_ACTIVITY_
Go through the entries below and copy every line that holds the word "Size".

_SOURCE DATA_
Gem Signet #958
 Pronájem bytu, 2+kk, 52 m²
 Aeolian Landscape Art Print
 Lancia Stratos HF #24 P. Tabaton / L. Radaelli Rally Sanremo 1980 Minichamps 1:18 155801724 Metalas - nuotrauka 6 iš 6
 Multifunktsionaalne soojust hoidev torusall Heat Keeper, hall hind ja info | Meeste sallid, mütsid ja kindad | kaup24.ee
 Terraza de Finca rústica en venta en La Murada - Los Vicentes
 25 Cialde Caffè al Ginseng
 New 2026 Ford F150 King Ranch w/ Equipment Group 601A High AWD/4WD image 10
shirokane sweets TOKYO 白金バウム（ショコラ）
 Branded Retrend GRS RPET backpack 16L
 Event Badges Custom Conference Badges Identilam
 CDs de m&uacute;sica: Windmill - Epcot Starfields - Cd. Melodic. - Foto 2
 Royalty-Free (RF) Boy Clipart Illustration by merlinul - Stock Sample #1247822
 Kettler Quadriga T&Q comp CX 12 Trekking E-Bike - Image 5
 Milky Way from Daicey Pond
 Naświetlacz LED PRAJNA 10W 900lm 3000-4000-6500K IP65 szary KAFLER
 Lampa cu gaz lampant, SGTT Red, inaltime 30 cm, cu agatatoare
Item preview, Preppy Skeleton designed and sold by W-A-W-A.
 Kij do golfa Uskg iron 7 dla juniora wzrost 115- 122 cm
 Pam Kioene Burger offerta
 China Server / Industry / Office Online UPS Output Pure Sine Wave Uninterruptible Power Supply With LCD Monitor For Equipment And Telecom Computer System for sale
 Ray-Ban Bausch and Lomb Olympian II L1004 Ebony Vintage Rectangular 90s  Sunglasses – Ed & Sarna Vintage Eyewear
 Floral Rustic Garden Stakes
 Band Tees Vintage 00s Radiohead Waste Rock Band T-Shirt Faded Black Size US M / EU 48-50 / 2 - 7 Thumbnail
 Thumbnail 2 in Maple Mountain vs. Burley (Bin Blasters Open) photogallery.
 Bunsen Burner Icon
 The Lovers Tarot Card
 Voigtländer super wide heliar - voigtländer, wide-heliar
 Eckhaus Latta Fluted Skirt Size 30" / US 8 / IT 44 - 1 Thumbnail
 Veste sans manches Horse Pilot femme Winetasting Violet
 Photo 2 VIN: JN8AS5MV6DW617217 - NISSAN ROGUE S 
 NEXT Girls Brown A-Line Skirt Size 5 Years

_RESPONSE TO THIS EXERCISE_
 Band Tees Vintage 00s Radiohead Waste Rock Band T-Shirt Faded Black Size US M / EU 48-50 / 2 - 7 Thumbnail
 Eckhaus Latta Fluted Skirt Size 30" / US 8 / IT 44 - 1 Thumbnail
 NEXT Girls Brown A-Line Skirt Size 5 Years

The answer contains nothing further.